Surgical treatment of a double uterus and vagina with partial aplasia of one of them consists of dissecting the wall of the closed vagina and creating a communication between it and the functioning vagina measuring 2x2.5 cm under laparoscopic control.
- Vaginal stage:
- opening of hematocolpos;
- emptying the hematocolpos;
- washing the vagina with an antiseptic solution;
- excision of the closed vaginal wall (creation of an "oval window").
- Laparoscopic stage:
- clarification of the relative position of the uteruses, the condition of the ovaries, and the fallopian tubes;
- control of emptying of the hematocolpos;
- emptying of the hematosalpinx;
- detection and coagulation of endometriosis foci;
- abdominal cavity sanitization.
In girls with atresia of the hymen, an X-shaped incision is made under local anesthesia and the hematocolpos is emptied.
Approximate periods of incapacity for work
The disease does not cause permanent disability.
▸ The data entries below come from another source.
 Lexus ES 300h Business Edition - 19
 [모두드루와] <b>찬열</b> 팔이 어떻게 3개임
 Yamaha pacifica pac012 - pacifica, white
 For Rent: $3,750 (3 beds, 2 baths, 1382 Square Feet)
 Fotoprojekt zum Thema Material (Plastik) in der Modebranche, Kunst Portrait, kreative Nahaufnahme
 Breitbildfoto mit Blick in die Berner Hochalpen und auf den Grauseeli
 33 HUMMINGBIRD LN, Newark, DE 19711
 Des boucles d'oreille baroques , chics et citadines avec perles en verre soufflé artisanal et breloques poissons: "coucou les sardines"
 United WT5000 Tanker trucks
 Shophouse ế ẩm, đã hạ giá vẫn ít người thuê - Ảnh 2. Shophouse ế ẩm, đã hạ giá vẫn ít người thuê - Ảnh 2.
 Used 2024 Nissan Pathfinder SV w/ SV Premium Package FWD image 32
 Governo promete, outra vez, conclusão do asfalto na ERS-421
Possible periods of disability - 10-30 days are determined by the rate of recovery after operations.
Further management
In patients with vaginal and uterine aplasia, it is advisable to repeat courses of colpoelongation 2-3 times a year in the absence of a permanent sexual partner to prevent neovaginal stricture after surgical colpopoiesis.
For the purpose of timely diagnosis of cicatricial changes in the vagina after surgical correction of the vagina and uterus, dispensary observation with examination once every 6 months up to 18 years is indicated.
Information for patients
The absence of independent menstruation at the age of 15 years and older, cyclical pain in the lower abdomen that increases in intensity and menarche are indications for consultation with a gynecologist of childhood and adolescence for timely detection of malformations of the uterus and vagina. In case of severe pain during the first sexual intercourse or impossibility of sexual activity, attempts at sexual intercourse should be stopped in order to avoid penetrating mutilating ruptures of the perineum and urethra in patients with vaginal aplasia.
Forecast
With timely access to a gynecologist in a qualified gynecological department equipped with modern diagnostic and surgical equipment, the prognosis for the course of the disease is favorable. Patients with aplasia of the vagina and uterus in the context of the development of assisted reproduction methods have the opportunity to use the services of surrogate mothers under the program of in vitro fertilization and embryo transfer.